Et l'opéra germanique?
On fera cependant une ou deux remarques personnelles sur ce programme flamboyant pour noter que l'opéra italien est très bien servi par rapport à son homologue germanique (on ne parle même pas du reste de la planète qui, à part les Français, existe fort peu) On veut bien que "Le barbier de Séville" soit plus attirant que "Fidelio" mais on se demande ce qui resterait si Philippe Jordan n'avait pas ce goût affiché pour Wagner. Le troisième "germain", Richard Strauss, par exemple, est assez cruellement absent: depuis quand un nouveau "Chevalier à la rose" ? Une nouvelle "Salomé" ? Est-ce là le reflet des goûts de Stéphane Lissner ou de considérations plus... pragmatiques?
D'autant que Philippe Jordan, qui s'attache à montrer (et il a bien raison) que l'orchestre de l'Opéra, avant d'être un orchestre d'opéra, est un orchestre à part entière, s'attaquera en concert à des monuments germaniques, Bruckner (la "8e symphonie") et Mahler, ("3e symphonie", la plus longue...).
D'autres manifestations, des partenariats
Mais revenons aux manifestations annexes de cet anniversaire, qui sont parfois intrigantes parfois innovantes :
- des expositions d'abord, qui seront plutôt sur la saison 19-20. Commencera cependant le 22 juin 2019: "Opéra Monde, opéra et arts visuels aux XXe et XXIe siècles" au Centre Pompidou de Metz (jusqu'au 6 janvier 2020)

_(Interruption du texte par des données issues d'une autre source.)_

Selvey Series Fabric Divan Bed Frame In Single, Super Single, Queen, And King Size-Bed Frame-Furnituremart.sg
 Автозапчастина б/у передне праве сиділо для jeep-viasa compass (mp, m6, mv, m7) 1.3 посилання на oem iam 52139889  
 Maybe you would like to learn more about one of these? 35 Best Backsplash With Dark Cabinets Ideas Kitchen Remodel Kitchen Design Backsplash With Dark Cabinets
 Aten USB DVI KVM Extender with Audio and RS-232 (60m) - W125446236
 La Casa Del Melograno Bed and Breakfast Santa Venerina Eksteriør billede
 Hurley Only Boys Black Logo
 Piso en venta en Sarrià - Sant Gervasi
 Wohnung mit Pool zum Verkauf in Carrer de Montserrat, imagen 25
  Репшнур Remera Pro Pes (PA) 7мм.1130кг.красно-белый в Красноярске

- des cycles de rencontre, master classes ou performances en partenariat avec le Centre Pompidou. Et des conférences données au Collège de France par cinq acteurs ou invités de la maison Opéra: Philippe Jordan, Stéphane Lissner, Anne Teresa de Keersmaeker, Hiroshi Sugimoto ou Dimitri Tcherniakov
- Philippe Jordan sera au Collège de France avec les artistes de l'Académie de l'Opéra. Ceux-ci seront "délocalisés" à la MC 93 de Bobigny pour une "Chauve-Souris" de Johann Strauss (mars 2019) qui partira ensuite en tournée dans d'autres villes de France.
- Enfin toute une battle de hip-hop dont la finale sera sur la scène de Garnier le 26 décembre 2019 mais dont les éliminatoires courront sur toute l'année. On en dira plus évidemment.
On allait oublier les deux grosses cerises-anniversaires sur le beau gâteau: un gala exceptionnel le 8 mai 2019 pour les 350 ans, à Garnier, autour d'Anna Netrebko et Yusif Eyvazov. Et deux belles soirées les 30 et 31 décembre mêlant, à Garnier toujours, ballets et chant, les chanteurs étant Sonya Yoncheva, Bryan Hymel et Ludovic Tézier.